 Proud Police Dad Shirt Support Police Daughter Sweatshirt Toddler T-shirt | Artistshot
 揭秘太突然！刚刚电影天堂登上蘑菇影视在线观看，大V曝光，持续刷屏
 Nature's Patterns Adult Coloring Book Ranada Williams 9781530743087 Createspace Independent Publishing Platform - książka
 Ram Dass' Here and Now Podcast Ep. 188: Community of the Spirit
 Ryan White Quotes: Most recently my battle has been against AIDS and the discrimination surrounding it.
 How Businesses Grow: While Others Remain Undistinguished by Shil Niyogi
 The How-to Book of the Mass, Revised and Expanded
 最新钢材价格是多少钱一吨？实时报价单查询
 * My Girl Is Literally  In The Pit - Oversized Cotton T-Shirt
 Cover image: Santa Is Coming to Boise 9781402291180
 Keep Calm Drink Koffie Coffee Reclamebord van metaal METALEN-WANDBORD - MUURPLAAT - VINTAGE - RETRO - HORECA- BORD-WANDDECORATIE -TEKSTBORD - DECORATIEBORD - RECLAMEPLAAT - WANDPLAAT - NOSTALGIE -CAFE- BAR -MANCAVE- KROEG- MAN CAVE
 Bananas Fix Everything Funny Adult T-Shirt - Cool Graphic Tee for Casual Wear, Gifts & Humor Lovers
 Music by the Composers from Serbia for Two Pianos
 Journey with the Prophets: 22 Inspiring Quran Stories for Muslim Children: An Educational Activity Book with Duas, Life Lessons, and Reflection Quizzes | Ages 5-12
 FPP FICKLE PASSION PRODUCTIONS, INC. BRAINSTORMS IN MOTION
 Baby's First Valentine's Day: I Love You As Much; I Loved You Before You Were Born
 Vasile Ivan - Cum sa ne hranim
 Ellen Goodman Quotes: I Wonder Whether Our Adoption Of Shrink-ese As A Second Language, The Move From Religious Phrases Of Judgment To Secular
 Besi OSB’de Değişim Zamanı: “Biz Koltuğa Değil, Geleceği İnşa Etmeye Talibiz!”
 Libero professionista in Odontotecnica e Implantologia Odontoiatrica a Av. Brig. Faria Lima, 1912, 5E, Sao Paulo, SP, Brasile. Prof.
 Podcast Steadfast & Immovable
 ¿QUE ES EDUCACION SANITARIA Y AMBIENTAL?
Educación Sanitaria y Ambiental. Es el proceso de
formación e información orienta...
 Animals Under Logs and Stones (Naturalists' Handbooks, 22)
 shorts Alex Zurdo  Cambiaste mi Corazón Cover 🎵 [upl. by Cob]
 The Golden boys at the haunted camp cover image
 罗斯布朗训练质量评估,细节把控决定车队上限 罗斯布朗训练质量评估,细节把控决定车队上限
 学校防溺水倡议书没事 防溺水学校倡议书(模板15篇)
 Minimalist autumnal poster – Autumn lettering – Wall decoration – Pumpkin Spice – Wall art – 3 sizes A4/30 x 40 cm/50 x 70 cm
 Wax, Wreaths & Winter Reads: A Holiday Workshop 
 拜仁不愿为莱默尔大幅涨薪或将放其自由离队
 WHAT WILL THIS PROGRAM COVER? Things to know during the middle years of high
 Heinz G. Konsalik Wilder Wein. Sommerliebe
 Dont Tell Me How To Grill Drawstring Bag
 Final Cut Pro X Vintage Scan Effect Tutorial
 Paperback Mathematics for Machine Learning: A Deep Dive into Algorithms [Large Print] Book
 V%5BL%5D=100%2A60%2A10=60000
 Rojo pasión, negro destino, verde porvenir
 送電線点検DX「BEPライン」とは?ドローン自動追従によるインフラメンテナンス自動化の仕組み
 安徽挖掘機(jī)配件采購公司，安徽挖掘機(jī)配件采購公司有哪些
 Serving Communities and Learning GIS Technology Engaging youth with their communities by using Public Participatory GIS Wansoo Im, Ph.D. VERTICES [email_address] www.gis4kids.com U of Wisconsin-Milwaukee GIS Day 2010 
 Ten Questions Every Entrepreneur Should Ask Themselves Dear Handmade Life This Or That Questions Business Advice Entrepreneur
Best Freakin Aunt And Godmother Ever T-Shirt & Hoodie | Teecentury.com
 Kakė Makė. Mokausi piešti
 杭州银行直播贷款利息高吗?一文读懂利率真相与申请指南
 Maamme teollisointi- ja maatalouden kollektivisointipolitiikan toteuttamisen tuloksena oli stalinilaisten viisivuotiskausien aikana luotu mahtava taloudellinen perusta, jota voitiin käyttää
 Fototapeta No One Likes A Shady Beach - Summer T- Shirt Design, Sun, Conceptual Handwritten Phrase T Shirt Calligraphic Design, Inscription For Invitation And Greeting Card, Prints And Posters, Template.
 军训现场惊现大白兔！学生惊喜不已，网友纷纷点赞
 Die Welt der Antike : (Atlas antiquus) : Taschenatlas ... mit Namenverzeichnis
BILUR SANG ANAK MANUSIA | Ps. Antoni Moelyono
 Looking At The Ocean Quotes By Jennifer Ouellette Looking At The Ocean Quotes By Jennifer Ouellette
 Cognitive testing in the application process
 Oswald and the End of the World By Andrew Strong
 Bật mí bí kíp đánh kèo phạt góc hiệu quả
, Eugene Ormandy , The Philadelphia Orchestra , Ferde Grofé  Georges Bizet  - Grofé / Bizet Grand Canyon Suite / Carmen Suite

────────

● **Assignment**: Return every line above in which the string "image" occurs.

● **Response to this exercise**:
 Cover image: Santa Is Coming to Boise 9781402291180
 The Golden boys at the haunted camp cover image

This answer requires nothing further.